9  DESCRIPTION

DESCRIPTION and NAMESPACE are two important files that provide metadata about your package. The DESCRIPTION file provides overall metadata about the package, such as the package name and which other packages it depends on. The NAMESPACE file specifies which functions your package makes available for others to use and, optionally, imports functions from other packages.

In this chapter, you’ll learn about the most important fields found in DESCRIPTION. The next two chapters cover the topic of package dependencies, which is where the importance of the NAMESPACE file will become clear. First, in Chapter 10, we discuss the costs and benefits of dependencies and also provide the relevant technical context around how R finds objects. In Chapter 11, we explain the practical moves necessary to use your dependencies within your package. The metadata part of the book concludes with Chapter 12, which covers licensing.

9.1 The DESCRIPTION file

The job of the DESCRIPTION file is to store important metadata about your package. When you first start writing packages, you’ll mostly use these metadata to record what packages are needed to run your package. However, as time goes by, other aspects of the metadata file will become useful to you, such as revealing what your package does (via the Title and Description) and whom to contact (you!) if there are any problems.

Every package must have a DESCRIPTION. In fact, it’s the defining feature of a package (RStudio and devtools consider any directory containing DESCRIPTION to be a package)1. To get you started, usethis::create_package("mypackage") automatically adds a bare-bones DESCRIPTION file. This will allow you to start writing the package without having to worry about the metadata until you need to. This minimal DESCRIPTION will vary a bit depending on your settings, but should look something like this:

Package: mypackage
Title: What the Package Does (One Line, Title Case)
Version: 0.0.0.9000
Authors@R: 
    person("First", "Last", , "first.last@example.com", role = c("aut", "cre"))
Description: What the package does (one paragraph).
License: `use_mit_license()`, `use_gpl3_license()` or friends to pick a
    license
Encoding: UTF-8
Roxygen: list(markdown = TRUE)
RoxygenNote: 7.3.2

If you create a lot of packages, you can customize the default content of new DESCRIPTION files by setting the global option usethis.description to a named list. You can pre-configure your preferred name, email, license, etc. See the article on usethis setup for more details.

DESCRIPTION uses a simple file format called DCF, the Debian control format. You can see most of the structure in the examples in this chapter. Each line consists of a field name and a value, separated by a colon. When values span multiple lines, they need to be indented:

Description: The description of a package usually spans multiple lines.
    The second and subsequent lines should be indented, usually with four
    spaces.

If you ever need to work with a DESCRIPTION file programmatically, take a look at the desc package, which usethis uses heavily under-the-hood.

This chapter shows you how to use the most important DESCRIPTION fields.

9.2 Title and Description: What does your package do?

The Title and Description fields describe what the package does.
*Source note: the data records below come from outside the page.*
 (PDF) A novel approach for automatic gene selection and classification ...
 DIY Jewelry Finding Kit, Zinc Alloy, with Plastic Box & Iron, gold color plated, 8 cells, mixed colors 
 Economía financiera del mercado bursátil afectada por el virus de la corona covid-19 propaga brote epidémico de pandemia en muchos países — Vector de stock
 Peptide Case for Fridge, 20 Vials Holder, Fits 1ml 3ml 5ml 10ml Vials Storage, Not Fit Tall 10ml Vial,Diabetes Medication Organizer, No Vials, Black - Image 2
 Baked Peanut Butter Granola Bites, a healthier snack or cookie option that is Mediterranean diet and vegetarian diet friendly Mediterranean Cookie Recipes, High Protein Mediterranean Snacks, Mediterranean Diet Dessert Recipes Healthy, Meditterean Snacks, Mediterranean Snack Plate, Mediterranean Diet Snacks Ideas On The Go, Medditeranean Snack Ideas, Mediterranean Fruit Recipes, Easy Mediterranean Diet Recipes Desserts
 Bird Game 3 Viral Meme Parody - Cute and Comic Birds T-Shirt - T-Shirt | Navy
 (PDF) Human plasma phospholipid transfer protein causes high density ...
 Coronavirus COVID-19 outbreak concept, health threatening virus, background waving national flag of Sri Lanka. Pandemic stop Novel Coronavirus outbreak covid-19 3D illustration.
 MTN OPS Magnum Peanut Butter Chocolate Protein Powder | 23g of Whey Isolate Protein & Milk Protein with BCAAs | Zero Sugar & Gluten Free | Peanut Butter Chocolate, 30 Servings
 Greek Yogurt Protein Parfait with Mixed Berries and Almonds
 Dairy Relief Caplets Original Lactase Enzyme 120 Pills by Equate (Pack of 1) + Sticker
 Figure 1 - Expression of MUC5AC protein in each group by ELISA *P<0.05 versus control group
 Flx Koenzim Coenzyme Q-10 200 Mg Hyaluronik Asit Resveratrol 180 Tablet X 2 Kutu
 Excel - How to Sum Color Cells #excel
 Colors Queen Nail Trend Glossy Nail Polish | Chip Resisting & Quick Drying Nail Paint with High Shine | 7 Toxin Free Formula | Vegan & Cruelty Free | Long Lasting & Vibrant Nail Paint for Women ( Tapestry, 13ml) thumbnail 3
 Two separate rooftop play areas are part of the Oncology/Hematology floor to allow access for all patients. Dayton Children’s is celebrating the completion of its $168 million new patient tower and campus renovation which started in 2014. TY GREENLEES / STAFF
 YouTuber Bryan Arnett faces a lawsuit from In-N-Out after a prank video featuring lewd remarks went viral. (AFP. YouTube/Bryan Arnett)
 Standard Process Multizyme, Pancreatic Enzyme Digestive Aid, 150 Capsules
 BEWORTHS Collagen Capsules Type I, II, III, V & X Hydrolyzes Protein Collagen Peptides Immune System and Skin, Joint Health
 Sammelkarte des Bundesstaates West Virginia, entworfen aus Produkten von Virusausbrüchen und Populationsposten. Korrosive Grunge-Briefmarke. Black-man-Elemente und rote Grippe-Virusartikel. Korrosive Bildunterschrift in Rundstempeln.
They differ only in length:

  • Title is a one line description of the package, and is often shown in a package listing. It should be plain text (no markup), capitalised like a title, and NOT end in a period. Keep it short: listings will often truncate the title to 65 characters.
  • Description is more detailed than the title. You can use multiple sentences, but you are limited to one paragraph. If your description spans multiple lines (and it should!), each line must be no more than 80 characters wide. Indent subsequent lines with 4 spaces.

The Title and Description for ggplot2 are:

Title: Create Elegant Data Visualisations Using the Grammar of Graphics
Description: A system for 'declaratively' creating graphics,
    based on "The Grammar of Graphics". You provide the data, tell 'ggplot2'
    how to map variables to aesthetics, what graphical primitives to use,
    and it takes care of the details.

A good title and description are important, especially if you plan to release your package to CRAN, because they appear on the package’s CRAN landing page as shown in Figure 9.1:

A screenshot of the CRAN page for ggplot2, with two labelled boxes indicating the text that comes from the Title and Description fields in the DESCRIPTION file.
Figure 9.1: How Title and Description appear on ggplot2’s CRAN page.
Submitting to CRAN

Both the Title and Description are a frequent source of rejections for reasons not covered by the automated R CMD check. In addition to the basics above, here are a few more tips:

  • Put the names of R packages, software, and APIs inside single quotes. This goes for both the Title and the Description. See the ggplot2 example above.
  • If you need to use an acronym, try to do so in Description, not in Title. In either case, explain the acronym in Description, i.e. fully expand it.
  • Don’t include the package name, especially in Title, which is often prefixed with the package name.
  • Do not start with “A package for …” or “This package does …”. This rule makes sense once you look at the list of CRAN packages by name. The information density of such a listing is much higher without a universal prefix like “A package for …”.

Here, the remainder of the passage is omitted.